##### DATA SECTION #####

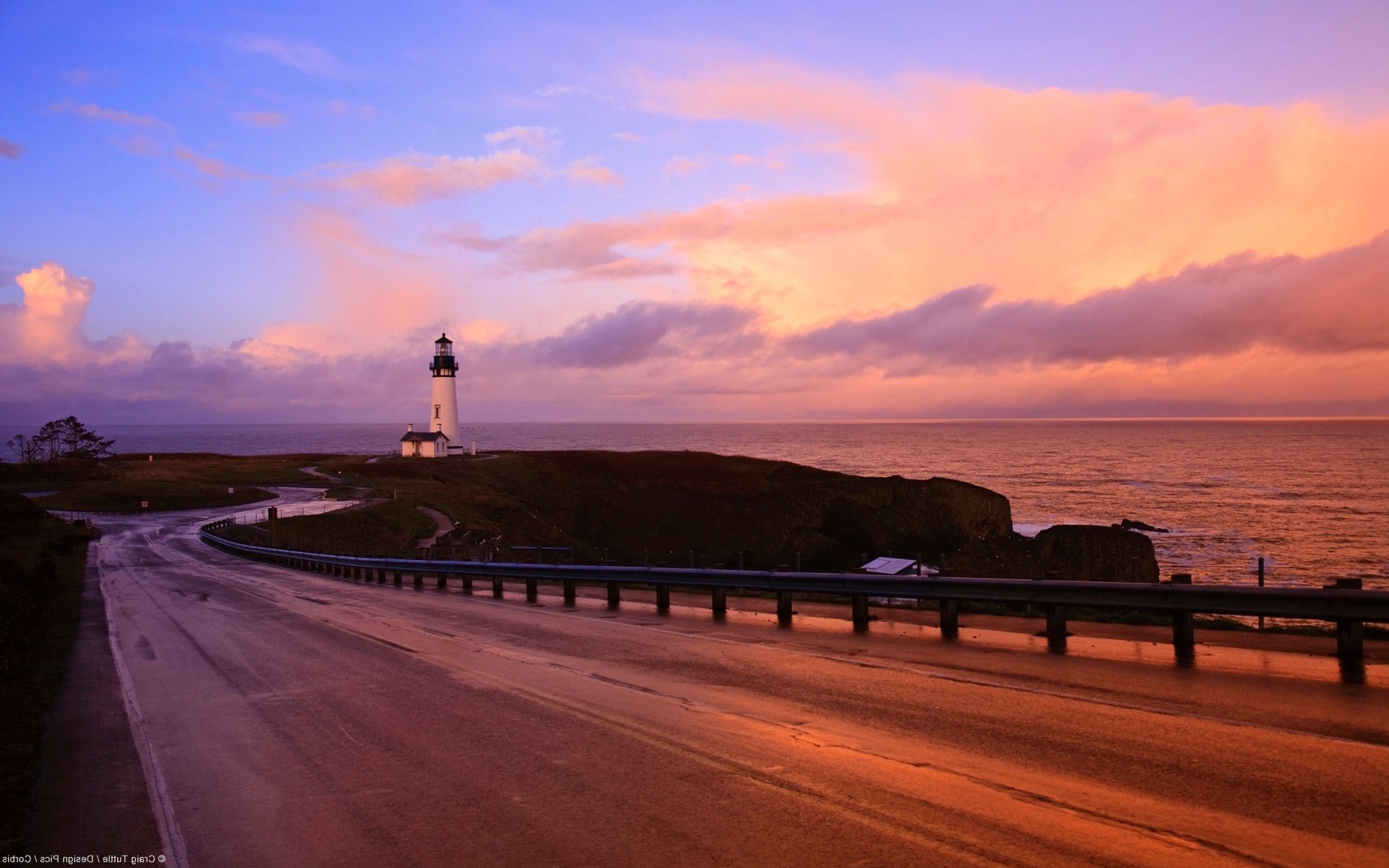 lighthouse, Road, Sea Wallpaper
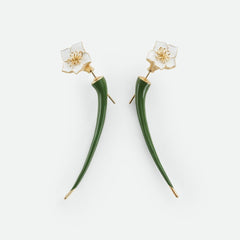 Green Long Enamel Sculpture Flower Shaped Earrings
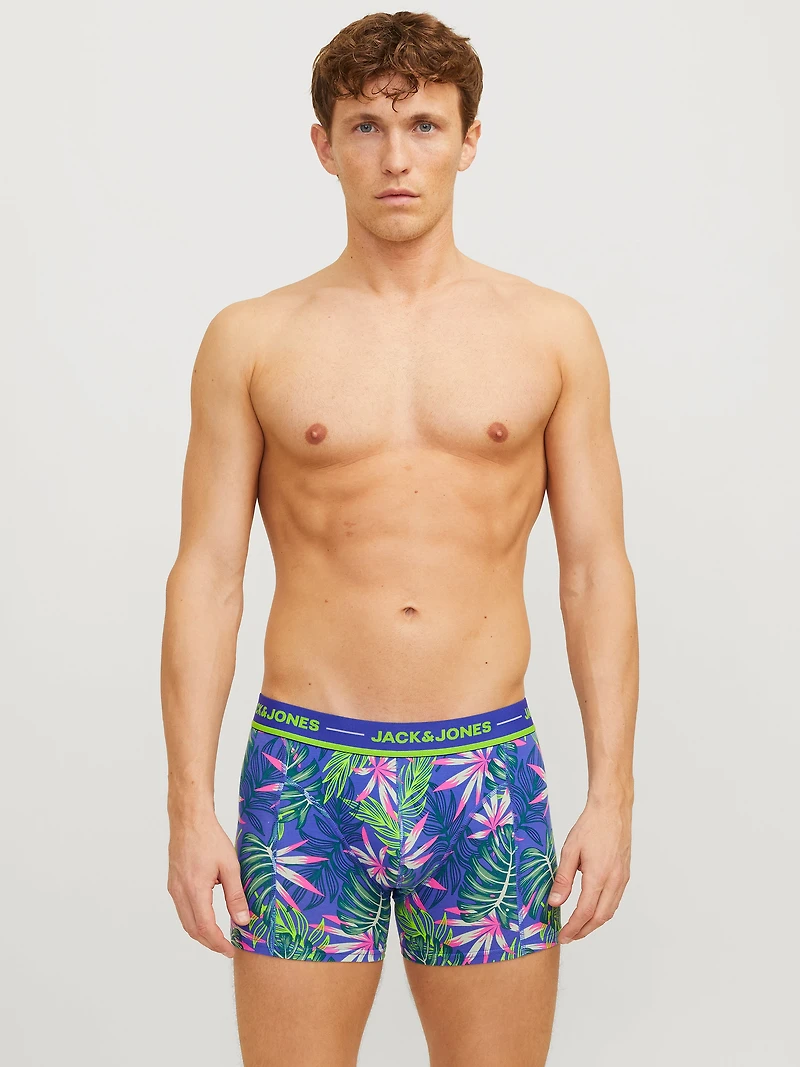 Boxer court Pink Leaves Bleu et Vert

#####

EXERCISE INSTRUCTIONS: Write the listing out again in full and unchanged, minus any pictures.

ANSWER TO THE PROBLEM:
 lighthouse, Road, Sea Wallpaper
 Green Long Enamel Sculpture Flower Shaped Earrings
 Boxer court Pink Leaves Bleu et Vert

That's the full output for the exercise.